Paddock reportedly wired $100,000 (£75,400) to her in the Philippines, where she had been since late September, before the rampage, local media have reported.
Her sisters told Australian outlet 7News that Ms Danley had not known about the trip until Paddock told her he had bought her a ticket to the Philippines.
“She was sent away… so that she will not be there to interfere with what he’s planning,” they said.
Paddock checked into the Mandalay Bay Hotel on 28 September, reportedly using some of Ms Danley’s identity documents.
The Philippines’ National Bureau of Investigation told AFP news agency it was investigating reports that Paddock sent $100,000 to Ms Danley in the Philippines days before the shooting.

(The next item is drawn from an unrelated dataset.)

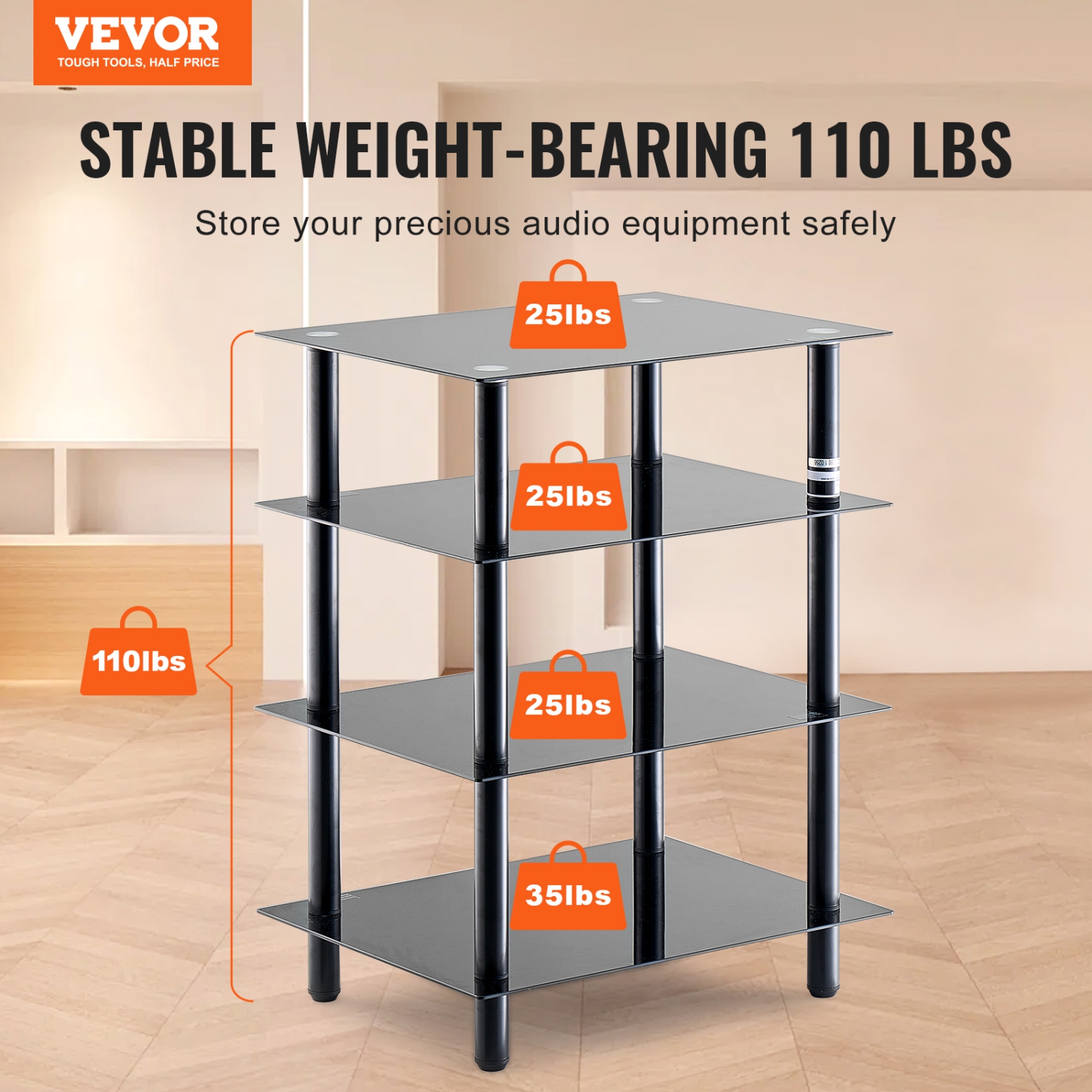 VEVOR 4-Tier AV Media Stand, Audio/Video Stand with Strengthened Tempered Glass Shevles for DVD/Cable Boxes/Games Consoles, Media Storage Cabinet for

An unnamed US official told Reuters news agency that investigators were assuming the amount was intended as a form of life insurance.
What do we know of the gunman?
Paddock, who had a big gambling habit, lived in a community of senior citizens in the small town of Mesquite, north-east of Las Vegas.
He reportedly shared his house there with Ms Danley.
Nineteen firearms, some explosives and several thousand rounds of ammunition with electronic devices were found at the property.
According to reports, Paddock had a troubled upbringing – his father was a bank robber who regularly beat him and his three brothers, while his mother struggled to cope bringing up the family.
Will the attack trigger more demand for gun controls?
The shooting has prompted calls for reform to US gun laws.
But Mr Trump – who has been backed by the National Rifle Association, and spoke often of protecting gun rights during his campaign – has tried to steer clear of leaning too far either way.
After visiting Puerto Rico on Tuesday, he said “perhaps that [time] will come” for a debate.